Hillary Clinton leads Romney by five in a head-to-head match-up, but her lead grows to fourteen points with Bloomberg and Paul in the mix—Clinton 46% Romney 32% Bloomberg 7% Paul 7%.
In a McCain-Obama poll, the Democrat leads by five. That grows to seven points with the third party options—Obama 40% McCain 33% Paul 11% Bloomberg 5%.
The pair of third party candidates attract from 13% to 17% of Republicans in each match-up. They earn only 5% to 10% of the Democratic vote.
This is, of course, merely a snapshot in time and doesn’t necessarily reflect how things will pan out in November.
If Bloomberg does get into the race — by no means a given at this point — he is likely to do a lot better than he’s polling right now largely because he has the financial means to get his message, whatever it is, out to the public. That is going to pay off with increased support.
With Ron Paul, on the other hand, I think the numbers he’s polling here actually over state what he’d get in a General Election campaign. I get the sense that Ron Paul’s campaign peaked with the December money bombs. Except for finishing a distant second in Nevada, he hasn’t done better than fourth place in any contest yet and actually did worse in Florida than he’s done anywhere else.
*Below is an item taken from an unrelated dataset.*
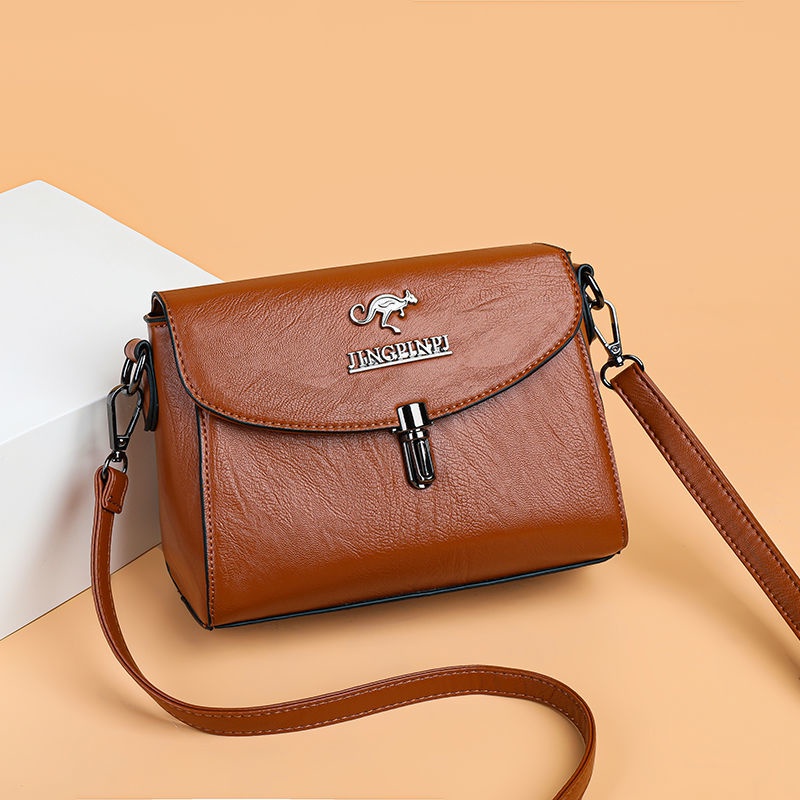 Túi đeo vai hình vuông cỡ lớn bằng da màu trơn đơn giản thời trang dễ phối đồ chất lượng cao cho bạn gái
Oh, his core supporters will follow him to the gates of hell if necessary, but they aren’t going to be enough to get him more than maybe 3 or 4 percent of the vote in a heavily contested nationwide election with high turnout, which is what I expect we’ll see in November.
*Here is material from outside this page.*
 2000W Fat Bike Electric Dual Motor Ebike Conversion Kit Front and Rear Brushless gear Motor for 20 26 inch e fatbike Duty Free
Of the two, the Republicans need to worry about Bloomberg far more than Paul at this point. Paul’s supporters aren’t going to vote for McCain anyway, so the fact that they might vote for Paul if he runs as an independent isn’t going to change things significantly. Bloomberg, on the other hand, has the potential to pull away large numbers of moderate independents that might otherwise vote for McCain.